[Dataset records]
______________________________

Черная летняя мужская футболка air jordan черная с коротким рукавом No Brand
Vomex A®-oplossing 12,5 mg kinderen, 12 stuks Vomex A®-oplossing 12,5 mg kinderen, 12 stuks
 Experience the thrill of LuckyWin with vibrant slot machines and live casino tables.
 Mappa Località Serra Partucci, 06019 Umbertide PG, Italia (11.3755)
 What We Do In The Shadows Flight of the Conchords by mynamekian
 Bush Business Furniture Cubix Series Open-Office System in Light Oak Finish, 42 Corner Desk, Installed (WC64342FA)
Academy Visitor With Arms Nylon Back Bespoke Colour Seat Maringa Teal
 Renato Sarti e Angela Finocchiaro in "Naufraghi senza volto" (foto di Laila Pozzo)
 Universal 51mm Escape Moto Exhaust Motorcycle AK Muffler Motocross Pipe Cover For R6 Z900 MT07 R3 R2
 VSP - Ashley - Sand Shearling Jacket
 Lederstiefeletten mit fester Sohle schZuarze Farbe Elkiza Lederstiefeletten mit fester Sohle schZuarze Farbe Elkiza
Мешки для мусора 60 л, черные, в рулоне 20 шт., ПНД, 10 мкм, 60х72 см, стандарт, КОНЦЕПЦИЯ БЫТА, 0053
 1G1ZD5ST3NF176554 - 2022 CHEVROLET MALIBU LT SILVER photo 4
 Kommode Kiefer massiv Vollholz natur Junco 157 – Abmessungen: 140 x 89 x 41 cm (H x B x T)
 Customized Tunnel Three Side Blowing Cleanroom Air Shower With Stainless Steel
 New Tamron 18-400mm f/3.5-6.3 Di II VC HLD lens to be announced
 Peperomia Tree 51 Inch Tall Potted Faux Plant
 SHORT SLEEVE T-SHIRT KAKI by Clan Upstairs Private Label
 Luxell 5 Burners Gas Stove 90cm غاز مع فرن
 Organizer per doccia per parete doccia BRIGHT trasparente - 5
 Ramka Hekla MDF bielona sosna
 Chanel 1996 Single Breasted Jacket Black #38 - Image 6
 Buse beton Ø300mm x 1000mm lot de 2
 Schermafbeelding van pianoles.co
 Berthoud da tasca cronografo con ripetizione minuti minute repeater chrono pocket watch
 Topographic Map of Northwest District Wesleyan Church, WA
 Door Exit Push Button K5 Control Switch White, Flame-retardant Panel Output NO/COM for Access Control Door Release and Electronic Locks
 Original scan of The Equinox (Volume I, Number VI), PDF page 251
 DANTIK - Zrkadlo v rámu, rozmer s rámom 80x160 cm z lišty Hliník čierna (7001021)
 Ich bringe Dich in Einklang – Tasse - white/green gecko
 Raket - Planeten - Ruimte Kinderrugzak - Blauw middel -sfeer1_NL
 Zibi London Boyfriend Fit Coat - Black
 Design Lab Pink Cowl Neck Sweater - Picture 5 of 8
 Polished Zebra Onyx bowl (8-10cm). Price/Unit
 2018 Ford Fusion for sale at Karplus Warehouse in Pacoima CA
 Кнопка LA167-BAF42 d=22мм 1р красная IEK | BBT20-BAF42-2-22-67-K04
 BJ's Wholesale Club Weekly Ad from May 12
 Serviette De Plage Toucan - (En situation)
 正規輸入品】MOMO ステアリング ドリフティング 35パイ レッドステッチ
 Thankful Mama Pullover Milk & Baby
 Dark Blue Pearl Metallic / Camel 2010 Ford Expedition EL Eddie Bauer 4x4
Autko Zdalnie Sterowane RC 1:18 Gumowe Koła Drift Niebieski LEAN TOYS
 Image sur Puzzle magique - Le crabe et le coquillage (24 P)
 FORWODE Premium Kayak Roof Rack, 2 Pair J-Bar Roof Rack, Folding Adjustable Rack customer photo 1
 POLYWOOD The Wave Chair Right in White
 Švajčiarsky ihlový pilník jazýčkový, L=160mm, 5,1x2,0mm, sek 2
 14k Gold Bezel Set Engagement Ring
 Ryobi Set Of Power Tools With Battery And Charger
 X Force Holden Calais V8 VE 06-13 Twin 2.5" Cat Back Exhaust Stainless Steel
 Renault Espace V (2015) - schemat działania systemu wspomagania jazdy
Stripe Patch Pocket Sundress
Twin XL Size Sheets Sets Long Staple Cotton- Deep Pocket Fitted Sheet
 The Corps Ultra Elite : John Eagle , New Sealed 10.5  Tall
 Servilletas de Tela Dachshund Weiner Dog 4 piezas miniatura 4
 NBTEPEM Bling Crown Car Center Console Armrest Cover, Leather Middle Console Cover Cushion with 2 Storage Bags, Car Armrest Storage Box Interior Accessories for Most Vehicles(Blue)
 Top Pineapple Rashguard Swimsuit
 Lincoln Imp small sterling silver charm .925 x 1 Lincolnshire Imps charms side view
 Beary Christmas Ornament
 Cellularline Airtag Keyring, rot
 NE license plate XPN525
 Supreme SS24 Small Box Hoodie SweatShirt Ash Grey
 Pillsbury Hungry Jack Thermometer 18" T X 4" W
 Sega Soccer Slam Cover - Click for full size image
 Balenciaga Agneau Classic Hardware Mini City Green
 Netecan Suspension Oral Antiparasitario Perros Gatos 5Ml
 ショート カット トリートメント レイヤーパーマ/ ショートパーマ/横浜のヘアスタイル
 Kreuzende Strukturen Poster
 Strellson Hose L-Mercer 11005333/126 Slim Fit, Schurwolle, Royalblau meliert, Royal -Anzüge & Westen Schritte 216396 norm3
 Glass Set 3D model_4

______________________________

Repeat all the records. Match each line exactly.

_Exercise solution_:
Черная летняя мужская футболка air jordan черная с коротким рукавом No Brand
Vomex A®-oplossing 12,5 mg kinderen, 12 stuks Vomex A®-oplossing 12,5 mg kinderen, 12 stuks
 Experience the thrill of LuckyWin with vibrant slot machines and live casino tables.
 Mappa Località Serra Partucci, 06019 Umbertide PG, Italia (11.3755)
 What We Do In The Shadows Flight of the Conchords by mynamekian
 Bush Business Furniture Cubix Series Open-Office System in Light Oak Finish, 42 Corner Desk, Installed (WC64342FA)
Academy Visitor With Arms Nylon Back Bespoke Colour Seat Maringa Teal
 Renato Sarti e Angela Finocchiaro in "Naufraghi senza volto" (foto di Laila Pozzo)
 Universal 51mm Escape Moto Exhaust Motorcycle AK Muffler Motocross Pipe Cover For R6 Z900 MT07 R3 R2
 VSP - Ashley - Sand Shearling Jacket
 Lederstiefeletten mit fester Sohle schZuarze Farbe Elkiza Lederstiefeletten mit fester Sohle schZuarze Farbe Elkiza
Мешки для мусора 60 л, черные, в рулоне 20 шт., ПНД, 10 мкм, 60х72 см, стандарт, КОНЦЕПЦИЯ БЫТА, 0053
 1G1ZD5ST3NF176554 - 2022 CHEVROLET MALIBU LT SILVER photo 4
 Kommode Kiefer massiv Vollholz natur Junco 157 – Abmessungen: 140 x 89 x 41 cm (H x B x T)
 Customized Tunnel Three Side Blowing Cleanroom Air Shower With Stainless Steel
 New Tamron 18-400mm f/3.5-6.3 Di II VC HLD lens to be announced
 Peperomia Tree 51 Inch Tall Potted Faux Plant
 SHORT SLEEVE T-SHIRT KAKI by Clan Upstairs Private Label
 Luxell 5 Burners Gas Stove 90cm غاز مع فرن
 Organizer per doccia per parete doccia BRIGHT trasparente - 5
 Ramka Hekla MDF bielona sosna
 Chanel 1996 Single Breasted Jacket Black #38 - Image 6
 Buse beton Ø300mm x 1000mm lot de 2
 Schermafbeelding van pianoles.co
 Berthoud da tasca cronografo con ripetizione minuti minute repeater chrono pocket watch
 Topographic Map of Northwest District Wesleyan Church, WA
 Door Exit Push Button K5 Control Switch White, Flame-retardant Panel Output NO/COM for Access Control Door Release and Electronic Locks
 Original scan of The Equinox (Volume I, Number VI), PDF page 251
 DANTIK - Zrkadlo v rámu, rozmer s rámom 80x160 cm z lišty Hliník čierna (7001021)
 Ich bringe Dich in Einklang – Tasse - white/green gecko
 Raket - Planeten - Ruimte Kinderrugzak - Blauw middel -sfeer1_NL
 Zibi London Boyfriend Fit Coat - Black
 Design Lab Pink Cowl Neck Sweater - Picture 5 of 8
 Polished Zebra Onyx bowl (8-10cm). Price/Unit
 2018 Ford Fusion for sale at Karplus Warehouse in Pacoima CA
 Кнопка LA167-BAF42 d=22мм 1р красная IEK | BBT20-BAF42-2-22-67-K04
 BJ's Wholesale Club Weekly Ad from May 12
 Serviette De Plage Toucan - (En situation)
 正規輸入品】MOMO ステアリング ドリフティング 35パイ レッドステッチ
 Thankful Mama Pullover Milk & Baby
 Dark Blue Pearl Metallic / Camel 2010 Ford Expedition EL Eddie Bauer 4x4
Autko Zdalnie Sterowane RC 1:18 Gumowe Koła Drift Niebieski LEAN TOYS
 Image sur Puzzle magique - Le crabe et le coquillage (24 P)
 FORWODE Premium Kayak Roof Rack, 2 Pair J-Bar Roof Rack, Folding Adjustable Rack customer photo 1
 POLYWOOD The Wave Chair Right in White
 Švajčiarsky ihlový pilník jazýčkový, L=160mm, 5,1x2,0mm, sek 2
 14k Gold Bezel Set Engagement Ring
 Ryobi Set Of Power Tools With Battery And Charger
 X Force Holden Calais V8 VE 06-13 Twin 2.5" Cat Back Exhaust Stainless Steel
 Renault Espace V (2015) - schemat działania systemu wspomagania jazdy
Stripe Patch Pocket Sundress
Twin XL Size Sheets Sets Long Staple Cotton- Deep Pocket Fitted Sheet
 The Corps Ultra Elite : John Eagle , New Sealed 10.5  Tall
 Servilletas de Tela Dachshund Weiner Dog 4 piezas miniatura 4
 NBTEPEM Bling Crown Car Center Console Armrest Cover, Leather Middle Console Cover Cushion with 2 Storage Bags, Car Armrest Storage Box Interior Accessories for Most Vehicles(Blue)
 Top Pineapple Rashguard Swimsuit
 Lincoln Imp small sterling silver charm .925 x 1 Lincolnshire Imps charms side view
 Beary Christmas Ornament
 Cellularline Airtag Keyring, rot
 NE license plate XPN525
 Supreme SS24 Small Box Hoodie SweatShirt Ash Grey
 Pillsbury Hungry Jack Thermometer 18" T X 4" W
 Sega Soccer Slam Cover - Click for full size image
 Balenciaga Agneau Classic Hardware Mini City Green
 Netecan Suspension Oral Antiparasitario Perros Gatos 5Ml
 ショート カット トリートメント レイヤーパーマ/ ショートパーマ/横浜のヘアスタイル
 Kreuzende Strukturen Poster
 Strellson Hose L-Mercer 11005333/126 Slim Fit, Schurwolle, Royalblau meliert, Royal -Anzüge & Westen Schritte 216396 norm3
 Glass Set 3D model_4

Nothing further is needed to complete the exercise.